It's ridiculous, because an 18-wheeler does literally thousands of times the damage to the road. Road damage is affected by weight to the 4th power.
Cars are basically irrelevant. Bikes are far below that.
Based on upkeep costs, diesel tax should be >$10/gallon, and the annual registration fee should be more like $5k.
Those "18-wheeler"s are carrying all the things you buy in shops, the materials to build your house... and even materials to build roads with. All you'd be doing is shifting your own costs around.
Yes, it'd be shifting costs around, but it would shift those costs to those products/activities that create those costs in the first place.
It would actually be worse. The additional admin of billing out-of-state transports traversing your state would increase total cost significantly.
And people living in a specific location are still those using the roads most frequently. And deriving the most gain from the their existence. Would be different if road track were 90% truck.
Road damage from vehicles is >90% caused by trucks.
Not that I don't believe you - but do you have any citations, since I'm having trouble finding data backing up your 90% claim.

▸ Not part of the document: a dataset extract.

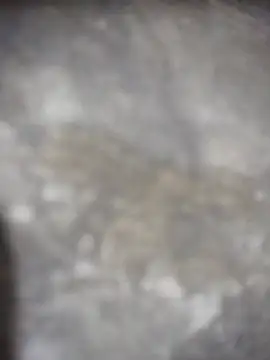 Snapshot of Feeroo11 chatting on April 16, 2026, 4:41 pm Feeroo11 online show from April 16, 2026, 4:41 pm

According to this page, lorries cause 400x the damage that a car does. So if your numbers are right, the car:truck ratio is 1:44. Even when I visit america, the ratio of trucsk to cars is nowhere near 1:44 (more like 1:5000).
https://streets.mn/2016/07/07/chart-of-the-day-vehicle-weight-vs-road-damage-levels/Where I live, only the main road is regularly used by trucks. 2 lorries use it per day (not even 9t), to supply the local supermarket (after the main road, they get onto the motorway - which is funded by federal money as opposed to local money). Local roads other than the main road aren't used by trucks, except for construction... and deliveries directly to people living there. Effectively, truck traffic on locally funded roads is mostly non-existent.
Now I lied when I said 2 trucks - 2 trucks from far away use the road. Waste disposal lorries use each road once a week, but they're completely local, funded by local taxes - so you'd shift one local tax into a different local tax. Oh, and the local buses. Public transport is _definitely_ something that should be subsidised by road taxes.